Zweitens: Die Hizbollah hat einen großen Prozentsatz ihres Raketenarsenals mit nur sehr geringem Gewinn eingesetzt. Nur in der Alice im Wunderland-Welt des Nahen Ostens kann es als „Triumph“ einer terroristischen Organisation gelten, einfach Katjuscha-Raketen Richtung Israel abzuschießen, von denen ungefähr 95 Prozent nichts von Wert trafen. Die Hizbollah brauchte sechs Jahre, um einen Vorrat aufzubauen, den sie im Wesentlichen verschwendet hat.

Drittens: Die Regierung im Libanon, die sich in den letzten sechs Jahren ostentativ weigerte, ihre Soldaten in den Süden des Landes zu schicken, ist verpflichtet worden, den Vereinten Nationen zu versprechen, dass sie das nun tun wird. Sie wird darüber hinaus de facto unter der Kontrolle einer viel größeren internationalen Truppe stehen, als sie vorher in der Region stationiert war – eine, die danach beurteilt werden wird, ob sie Erfolg hat respektive in welchem Ausmaß sie für Ruhe sorgt.

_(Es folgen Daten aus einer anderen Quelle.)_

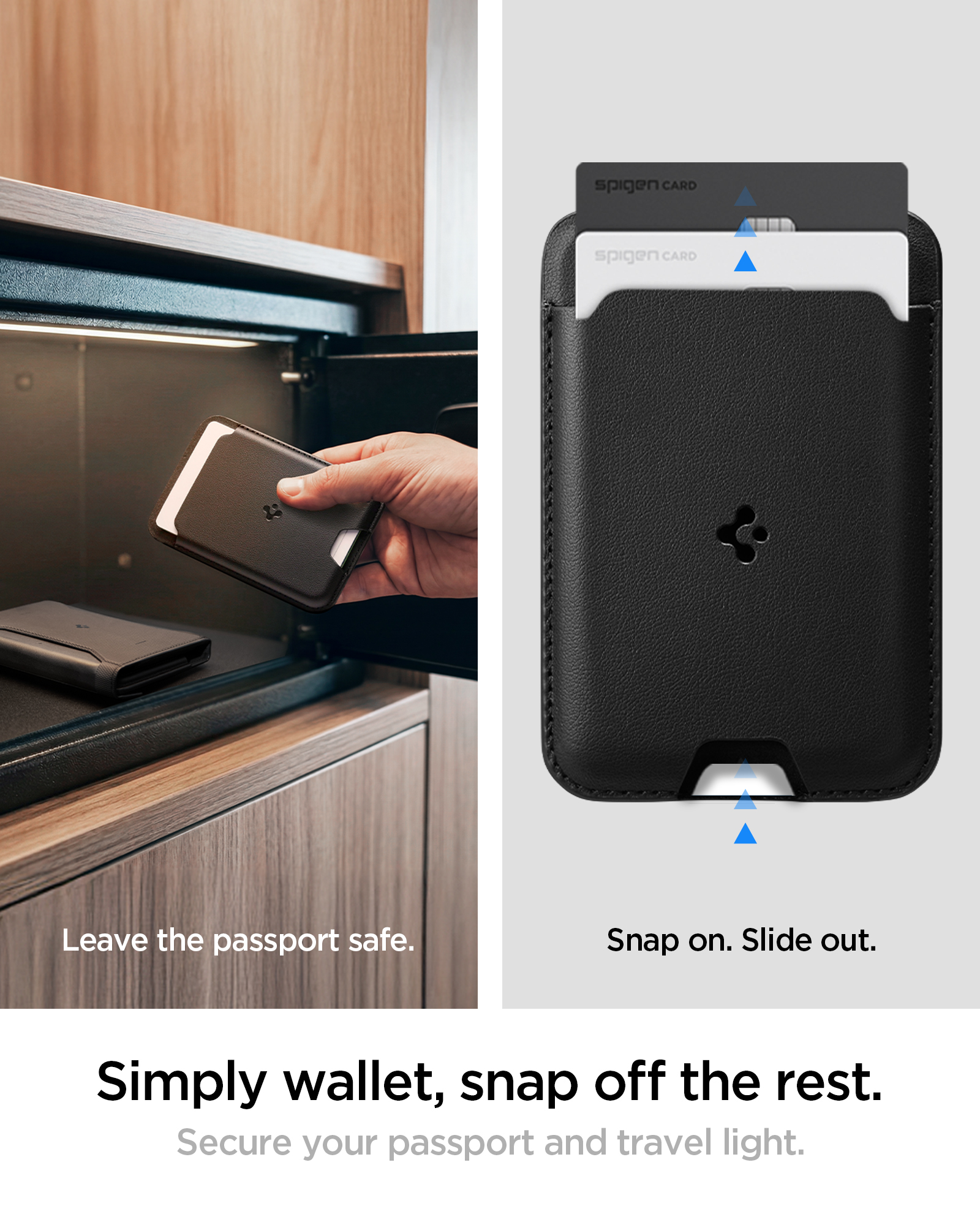 Spigen Universal Passport Holder with MagSafe Wallet, juodas aprašymas - Prekės nuotrauka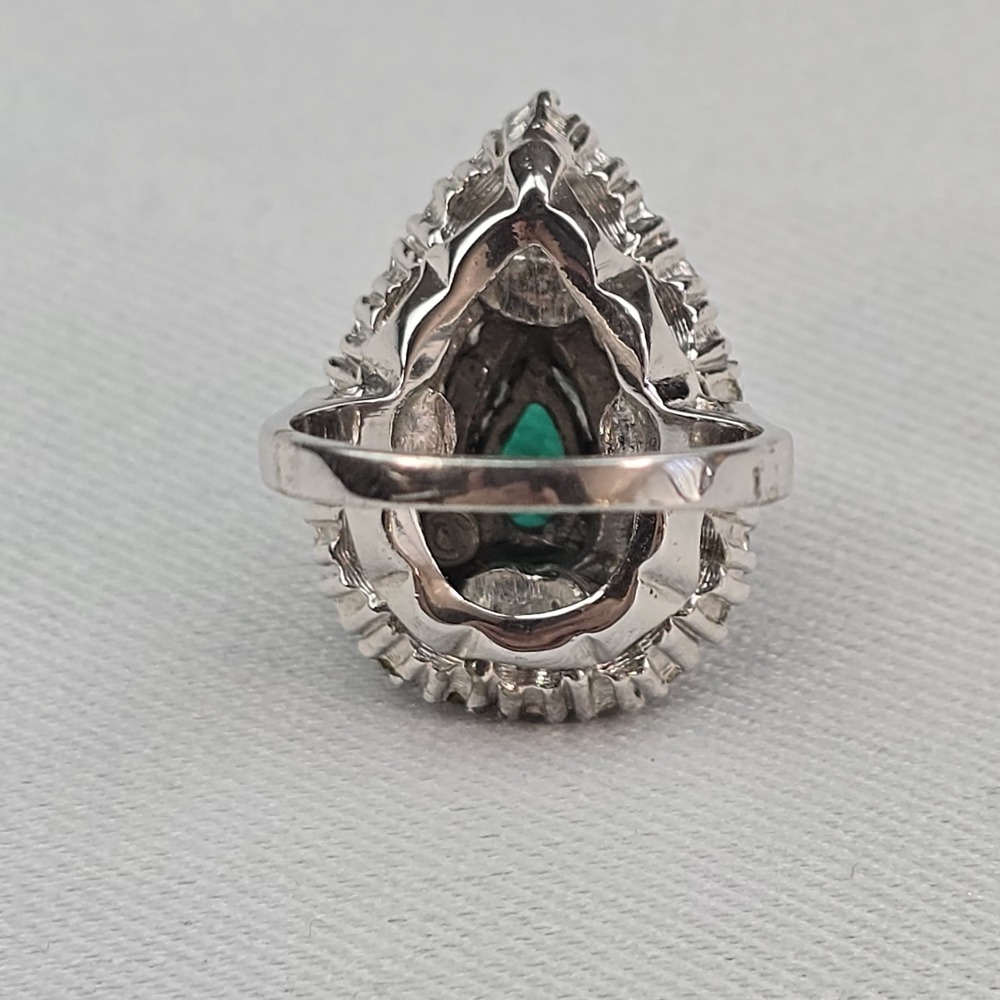 Vintage Panetta Sterling Silver Green Rhinestone Cocktail Ring Size 8 Signed - Picture 6 of 10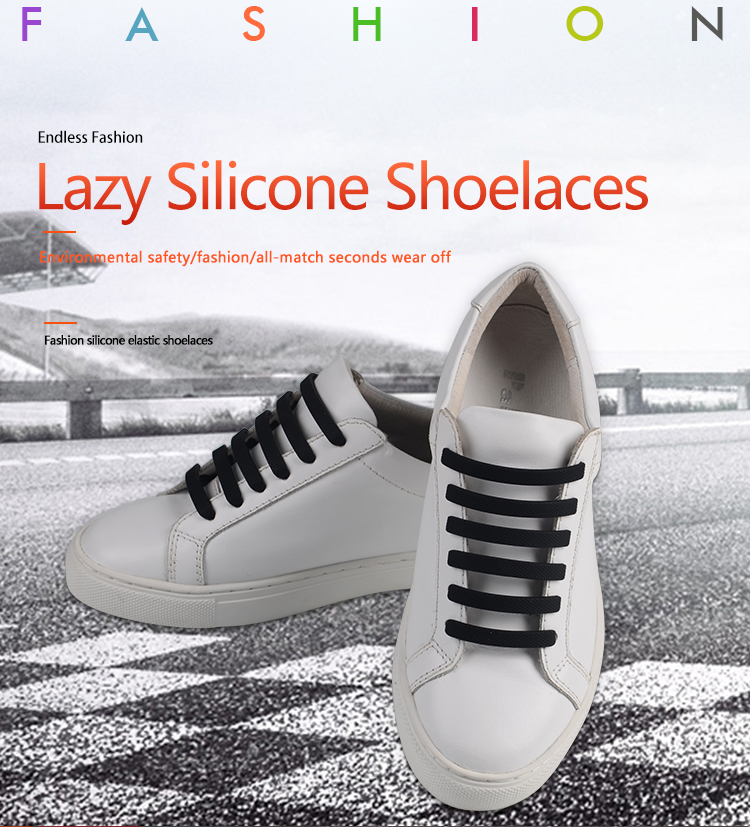 Promotional Items Rubber Elastic Shoelaces Lazy No Tie Silicone Shoelace 3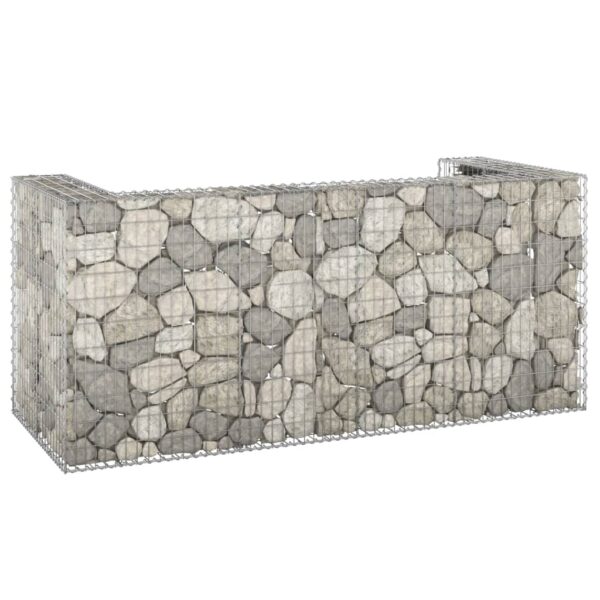 vidaXL Gabion for søppeldunkskur galvanisert stål 254x100x110 cm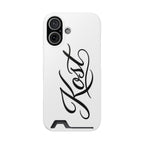 Phone Case with Card Holder – Elegant Black Calligraphy Design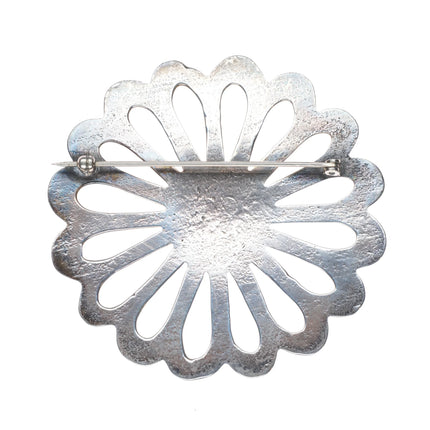 40's-50's large Navajo cast sterling silver pin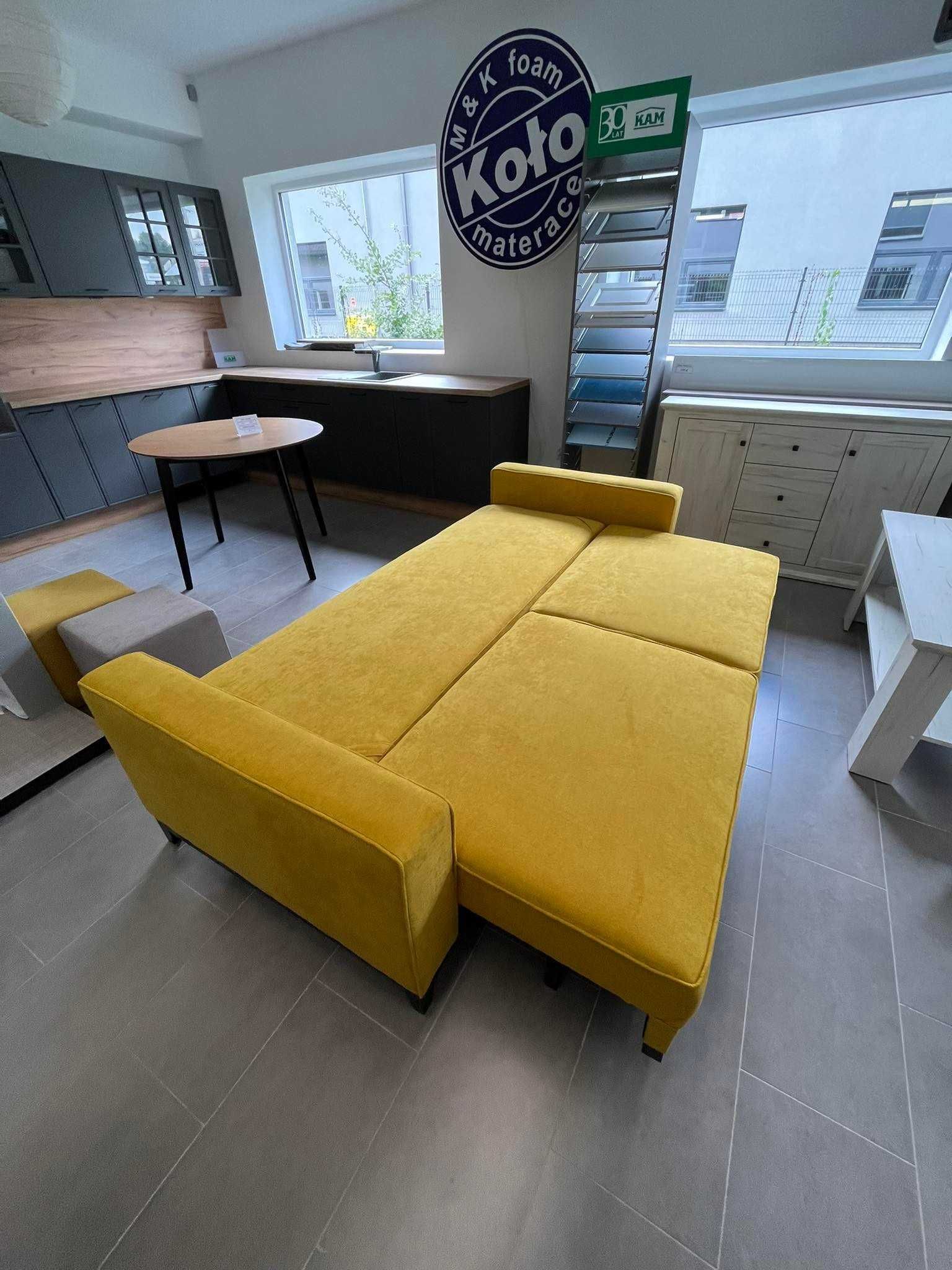 Rozkładana sofa w stylu retro z funkcja spania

Die weitergehenden strategischen Konsequenzen der jüngsten Ereignisse sind jedoch noch bedeutsamer. Die Hizbollah war bis zum 11. Juli ausschließlich ein Problem für Israel. Das Dilemma ist nun internationalisiert worden. Es ist nun von höchster Wichtigkeit für die libanesische Regierung und den UN-Sicherheitsrat. Wenn die libanesischen Truppen die Hizbollah nicht pazifizieren können, dann wissen die Minister dort sehr gut, dass Israels Luftwaffe nach Beirut zurückkommen wird. Die UNO wird zu der Einschätzung gelangen, dass es, wenn sie den Frieden nicht behaupten kann, die Hizbollah gewesen sein wird, die den vom Sicherheitsrat auferlegten Waffenstillstand gebrochen hat, und dass dann ihre eigene Autorität gefährdet ist. Das ist ein wichtiger Durchbruch für Israel. Wenn man Premierminister Ehud Olmert vor sechs Wochen erzählt hätte, dass die Hizbollah Anfang September nicht mehr tonangebend im Südlibanon sein werde, hätte er das nicht für möglich gehalten.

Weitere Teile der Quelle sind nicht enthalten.